El Nasir Football Club, also known as Nasir FC or Nasir FC Juba, is a national football club owned by South Sudan Police founded in 1947. It won the inaugural South Sudan Cup in 2012, and wasthe first to represent South Sudan in the CAF Confederation Cup the same year.

Nasir FC based in the city of Juba and affiliated to Juba Local Football Association, SSFA, CECAFA, CAF, and FIFA.
Nasir football Club was established as police football club which was by then under the police administration. the club was affiliated to the Sudan football Association as a member club of Juba Local Football Association that represented the Southern region of the Sudan in general and the Equatorial region in particular.  when Southern Sudan gained its independence in 2011, South Sudan Football Association was admitted in CAF and FIFA respectively in 2012, Thus, automatically Nasir FC fall under the new SSFA. 
By the early 1950s, the police handed the club administration to the civilians while supporting the club from distance with the little finances they can afford in order for the club to run their affairs. In accordance with Nasir FA Statue, the club is run by the Board of Director with its President as the head of the administration, supported by club CEO which is known commonly as the Secretary.
From 1947 up to date, the club had more than 15 presidents. However, because Nasir FC do not have clear details of its former Presidents who served the club due to the situation in which the Southern Sudan was in, the records of those Presidents who have reigned in the club in the past eight decades might not be officially documented.

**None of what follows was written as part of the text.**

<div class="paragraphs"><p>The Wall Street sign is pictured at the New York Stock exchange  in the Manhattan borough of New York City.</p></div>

The club’s Presidents that are known in its history are the following: Osman Mahani the founder of Police football club, whose notable contribution was the construction of the police club in the heart of Juba town, Colonel John Akot, Lagu whose second name is not known, Major general Ajang Riek,  Lt.Gen. Nikolas Dimo, Mr. Joseph Sabit , Makelele, Mr. Solomon  Lago Odosi  Mr. Emmanuel Benjamin Oyik,  and lastly Mr. Yohanis Musa Pouk - the current Nasir FC President (Former Vice President of South Sudan Football Association) who  was elected to the office in the year 2022.

Achievements
The club’s funniest success came in 1971 when President Nimer flew to Chad, as he was in Chad there’s an allegation and rumors surfaced that coup did take place in Khartoum by colonel Hassim Al Atah has taken over the Nimeri’s government through radio Omdurman, but when Radio Omdurman got technical problem, it was Radio Juba which confirmed that coup did not take place in Khartoum. Then that same year of 1971 Juba local football Association has organized a football match for welcoming the Country’s president from Chad to address the nation and the criteria taken in organizing the match by the local football association was by selecting the top two teams which pitted Malakia against Nasir. And during that match Nasir went on to become victorious by beating Malakia soccer club by two goals to one {2:1}.

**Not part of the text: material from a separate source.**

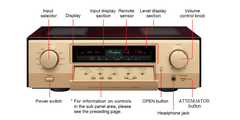 Pre Amplifier Accuphase C 3900 hàng chuẩn giá đẹp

Being the top team in the Southern region in 1975 Nasir football club was invited to take part in friendly match organised by the late president Nimeri and the match pitted Nasir against Al Merik of Sudan but the game didn’t go well for the invited team which they went on to lose to the host team Al Merik two goals to one {2:1}

Nasir FC has been successful during the old Sudan of which they went to Rapp up three trophies during that period which the years are not chronologically detailed down in records.
In 1976 the top two teams Nasir and Kator were brought together to play in a match organized by Juba local football Association in welcoming the president once again and this game between Nasir and Kator went on successfully in favor of the Mighty Nasir as they beat kator two goals to nil {2:0}.  let us remember that the first game organized for welcoming the president came in 1971 as mentioned earlier on which means any game organized by welcoming the president of the country Nasir became the first team in history to feature both, and the Nasir FC won both of those games. the first was against Malakia SC in 1971 of which Nasir emerged victorious and the second game in 1976 also went in favor of Nasir FC.
When Sudan was still one country, the club was successful for five consecutive years from the year 2001 to 2005, the team won all the Juba local football leagues for five years in a row, which no team in the history of Juba local football Association has ever won five titles in a row. As such, Nasir FC is the first club in history to have ever achieved that in history of Juba Local Football Association.

Performance in CAF competitions
As football was still developing under the new South Sudan Football Association (SSFA) in which Nasir became affiliated to, the team’s notable success came in the first year of South Sudan’s existence by becoming the first team to lift the South Sudan local league in Juba and first club to do so in the South Sudan cup Nationally by beating Meriek Renk.

The team looked forward for the continental showdowns, the CAF Confederation Cup which is the second tire football competition after the CAF Champions League, Nasir football club became the first team in the history of South Sudan to play in CAF Confederation’s cup.
Remember the CAF Confederation Cup, known as the TotalEnergies CAF Confederation Cup for sponsorship purposes, is an annual association football club competition established in 2004 from a merger of the CAF Cup and the African Cup Winners' Cup and organized by Confederation of African Football (CAF). And during draws in the year 2012 Nasir football club were pitted against Azam football club of Tanzania during the preliminary playoffs in which they went on to lose to the Tanzania based team.